# "Mortal Kombat: Conquest - The Complete Series" Available on DVD March 31, 2015



## Mike Edwards (Mar 10, 2011)

EMBARK ON THE JOURNEY TO PROTECT THE EARTH REALM AS WARNER BROS. HOME ENTERTAINMENT RELEASES

MORTAL KOMBAT: CONQUEST – THE COMPLETE SERIES

ON DVD MARCH 31, 2015



Featuring All 22 Original Episodes from 1998’s First and Only Season in a 4-Disc Set



BURBANK, CA (December 10, 2014) – Forces of good and evil clash to determine who will claim victory in the fateful tournament as Warner Bros. Home Entertainment (WBHE) releases Mortal Kombat: Conquest to own on DVD for the first time since the series debuted in national syndication in 1998. Set to release in time for the debut of the franchise’s next entry in the video game series -- Mortal Kombat X – the original series hits shelves for fans old and new alike to relive the action. All 22 episodes from the first and only season are included in Mortal Kombat: Conquest, available on DVD for $39.98 SRP on March 31, 2015.



In a world scarred by destruction and violence, three fierce warriors face the wrath of an evil empire as they strive to protect the Earth Realm from the forces of darkness in "Mortal Kombat: Conquest." In this prequel to the critically-acclaimed movies, Kung Lao has triumphed in the Mortal Kombat tournament, defeating Shang Tsung and saving Earth Realm. Now, he must train a new generation of warriors for the next tournament. Meanwhile, an exiled Shang Tsung attempts to thwart Lao's efforts with the aid of supernatural warriors such as Scorpion and Sub-Zero.

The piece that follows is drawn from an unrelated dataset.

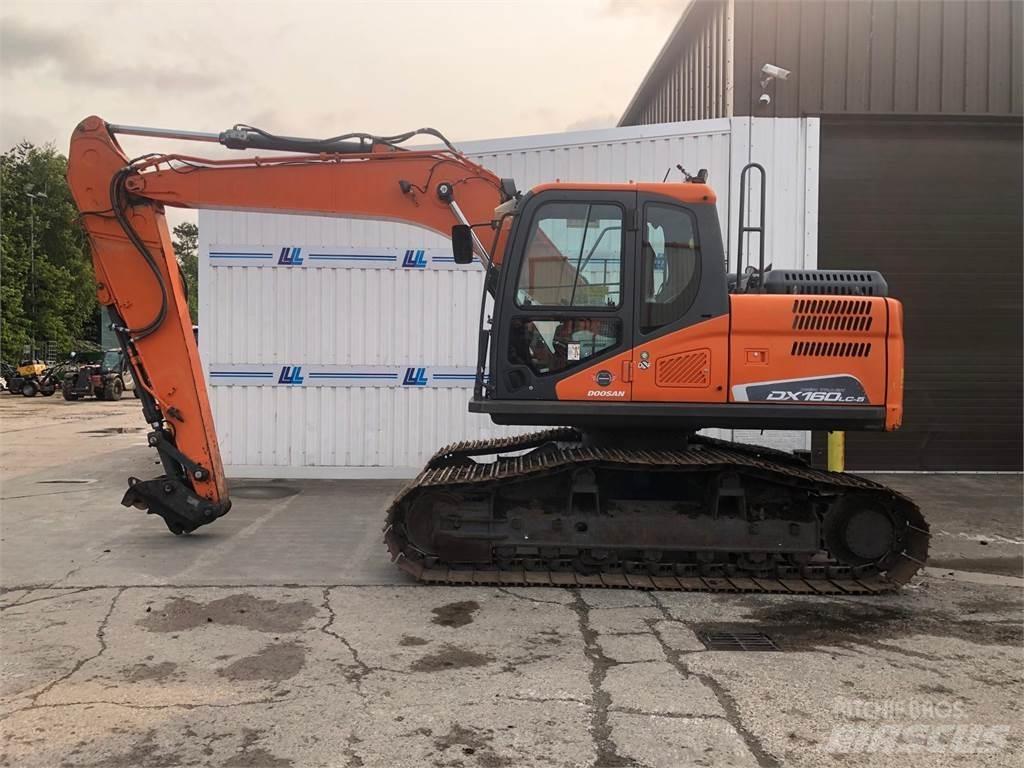 Develon Dx160lc-5ht Vikšriniai ekskavatoriai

“For decades, Mortal Kombat has proven its popularity past the video game realm into movies, an animated series and web series as well as this live-action television title,” said said Rosemary Markson, WBHEG Senior Vice President, TV Brand Management and Retail Marketing,. “We are thrilled to release Mortal Kombat: Conquest for the first time ever on DVD for longtime fans to relive the action as well as introduce new generations to the prequel storylines and events that took place prior to the video games and movies.”



Based on one of the best-selling video game franchises of all time; the Mortal Kombat video game series has sold over 30 million copies worldwide to date. 



Mortal Kombat: Conquest on DVD includes all 22 one-hour episodes:



1. Warrior Eternal, Part 1

2. Warrior Eternal, Part 2

3. Cold Reality

4. Immortal Kombat

5. The Essence

6. Noob Sailbot

7. Debt of the Dragon

8. Undying Dream

9. Quan Chi

10. Unholy Alliance

11. Thicker Than Blood

12. Shadow of a Doubt

13. Twisted Truths

14. Festival of Death

15. The Serpent & The Ice

16. Kreeya

17. The Master

18. In Kold Blood

19. Flawed Victory

20. Balance of Power

21. Stolen Lies

22. Vengeance

DVD Standard Features:

• 4 DVD-9s

• Audio: English (5.1)

• Subtitles: English SDH

• Aspect Ratio: 4x3 Full Screen


----------



## willis7469 (Jan 31, 2014)

Awesome. Finish him!!!!


----------



## Mike Edwards (Mar 10, 2011)

willis7469 said:


> Awesome. Finish him!!!!


:rofl:

this has been a TV series that I honestly never thought would see the light of day again. it's been lounging in obscurity for several decades and as a Mortal Kombat nut I'm highly excited


----------



## stiffandcold (Apr 16, 2012)

Longtime MK fan here as well! Didn't knew this existed. Sounds good to me, I shall look into it when it comes out.


----------



## Mike Edwards (Mar 10, 2011)

stiffandcold said:


> Longtime MK fan here as well! Didn't knew this existed. Sounds good to me, I shall look into it when it comes out.


I know I will be for sure. Daniel Bernhardt when he was young and spry and Kristina Lokken (spelling) when she actually knew how to smile.


----------